> [Exercise brief]: With pictures left out, output exactly the lines from the line holding "FINAL MARKDOWN Elegant" through the end of the data, both included.

** Opening Collected material block **

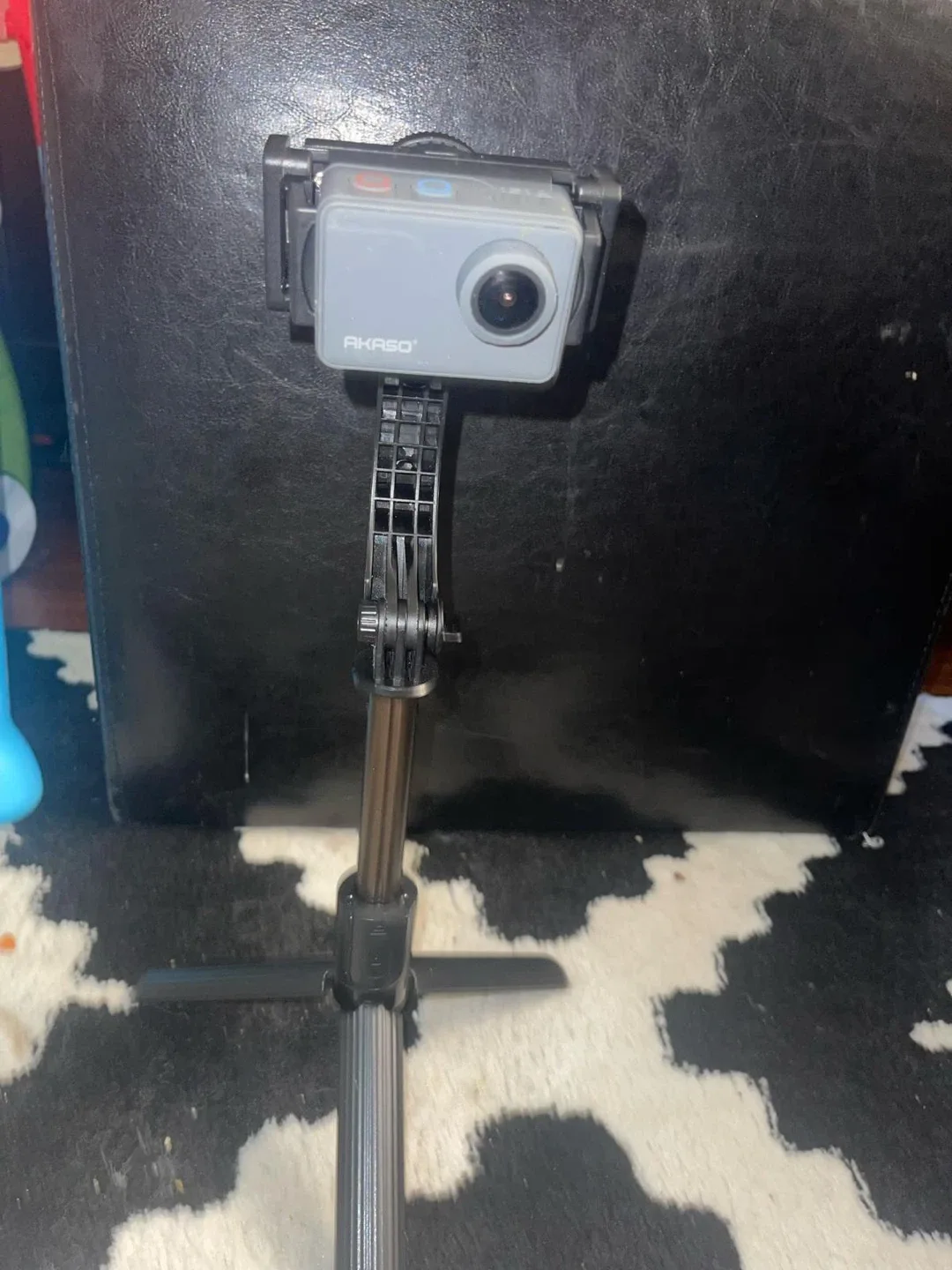 AKASO Action Camera with Accessories image indicator(6)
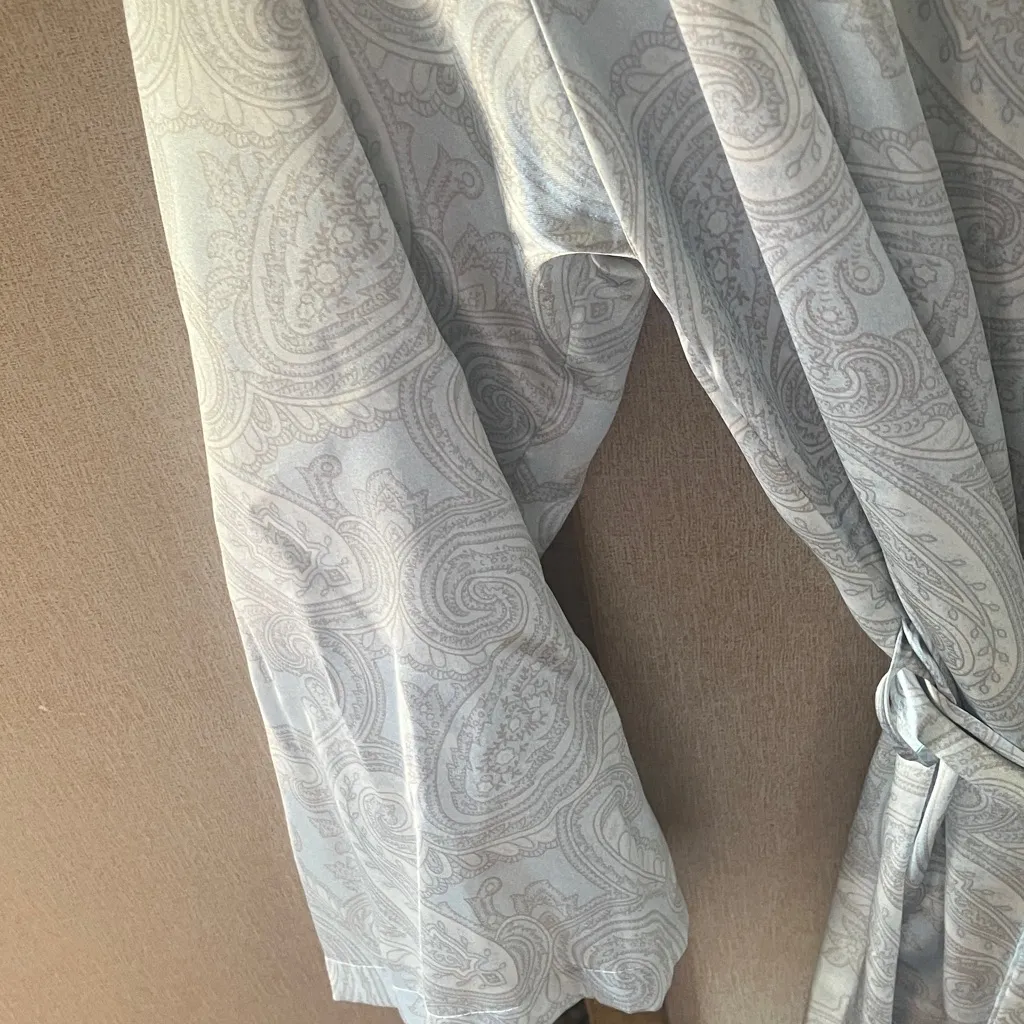 FINAL MARKDOWN Elegant Jones New York Paisley Robe l/xl - Image 2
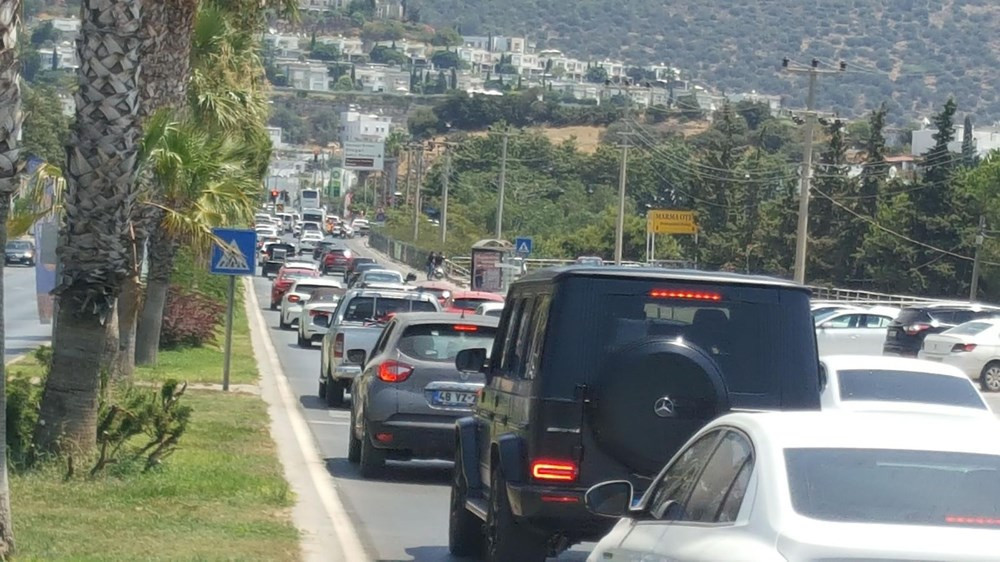 Bodrum'dan kaçış! 20 dakikada 2 kilometre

** Closing Collected material block **

> [Response for this exercise]:
 FINAL MARKDOWN Elegant Jones New York Paisley Robe l/xl - Image 2
 Bodrum'dan kaçış! 20 dakikada 2 kilometre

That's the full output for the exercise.